What is now causing me to oppose both the Ukrainian and Russian governments is that, in attempting to provoke members of Congress into backing things we can’t do because Russia and the US have nuclear parity and are at risk of mutually assured destruction in the event of nuclear conflict, Zelenskyy engaged in the following emotionally-charged rhetoric, which I found offensive:
More disturbing than his emotional but unreasonable appeals was this (quoting from the linked article directly):
Pointing to World War II, Zelenskyy said that "the war of the past have prompted our predecessors to create institutions that should protect us from war, but, they unfortunately don’t work."
"We see it. You see it. So we need new ones, new institutions, new alliances, and we are for them," Zelenskyy said.

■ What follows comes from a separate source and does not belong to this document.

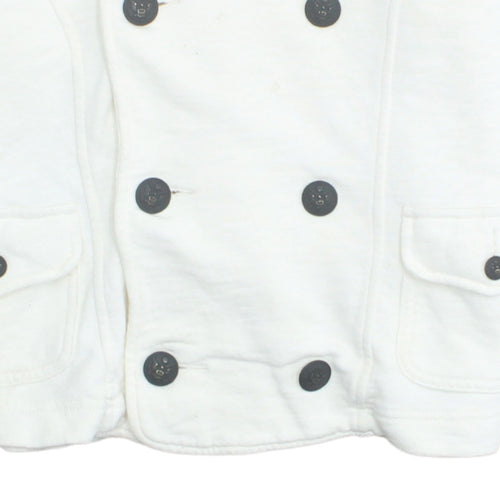 Ralph Lauren Polo Jeans Women’s White Button Full Zip Sweatshirt Jacket M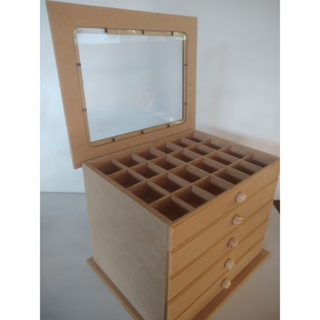 Caixa Porta Jòias Mdf 5 Gavetas Tampo Dobravel Com Vidro em Oferta na Shopee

He proposed "to create an association, United for Peace, a union of responsible countries that have the strength and consciousness to stop conflicts, immediately provide all the necessary assistance in 24 hours, if necessary—even weapons, if necessary, sanctions, humanitarian support, political support."
"If such an alliance would exist today…we would be able to save thousands of lives in our country, in many countries of the world who need peace, those who suffer inhumane destruction,"
This sounds to me like a dangerous idea, another potential failure of an international alliance, with undertones of one world government.
Finally, in the most dishonest part of his speech, Zelenskyy declared "I see no sense in life if I cannot stop the deaths, and this is my main issue and the leader of my people, great Ukrainians, and the leader of my nation."
This is patently false - Zelenskyy’s goal is obviously victory, or at least a scenario where Ukrainian sovereignty is protected and Russia is dealt a strategic defeat through heavy casualties, even if Russian forces secure some additional land.
These goals are not dishonorable, indeed, most people not supporting Russia would see them as laudable, however, for him to declare all he wants to do is save lives is fundamentally dishonest and manipulative when he could accomplish that objective with a single phone call to either President Biden, NATO SHAPE, or a neutral country like Switzerland, requesting their assistance or good offices in communicating with Russia to achieve an immediate ceasefire to facilitate a 24 hour period in which to work out a negotiated surrender, countersigned by representatives of Russian allies, Ukrainian allies, neutral countries and the UN.
Zelenskyy, furthermore, despite being Jewish, has, to the peril of his fellow Ukrainian Jews, made something of a deal with the devil in the form of the Azov Battalion, actual neo-Nazis, who, having been armed and unleashed, represent a major threat to the security of post-war Ukraine, in particular religious and ethnic minorities, as this article in the Guardian details: Azov fighters are Ukraine's greatest weapon and may be its greatest threat
Now, make no mistake, I am not supporting Putin, who is a KGB man who makes a pretense of Russian Orthodox piety while thus far having engaged in four conflicts that resulted in Eastern Orthodox Christians killing other Eastern Orthodox Christians (the 2008 war with Georgia, in which he permanently destroyed the Georgian Navy, resulting in the deaths of many Georgian Orthodox Christians and some Russian and Abkhazian Orthodox Christians, and the annexation of Crimea and the subsequent ongoing conflict between Ukraine and the de facto independent Peoples Republics of Donestsk and Luhansk in the Donbass, which combined with this conflict, considering that the larger of the two Eastern Orthodox churches in Ukraine, the Ukrainian Orthodox Church, is part of the Russian Orthodox Church, have consisted of Russian Orthodox fighting and in some cases killing Russian Orthodox and other Christians from the Orthodox Church in Ukraine, the Ukrainian Greek Catholic Church, its sister denomination the Russian Catholic Church and their parent denomination the Roman Catholic Church, and the Ukrainian Lutheran Church, in addition to other smaller denominations.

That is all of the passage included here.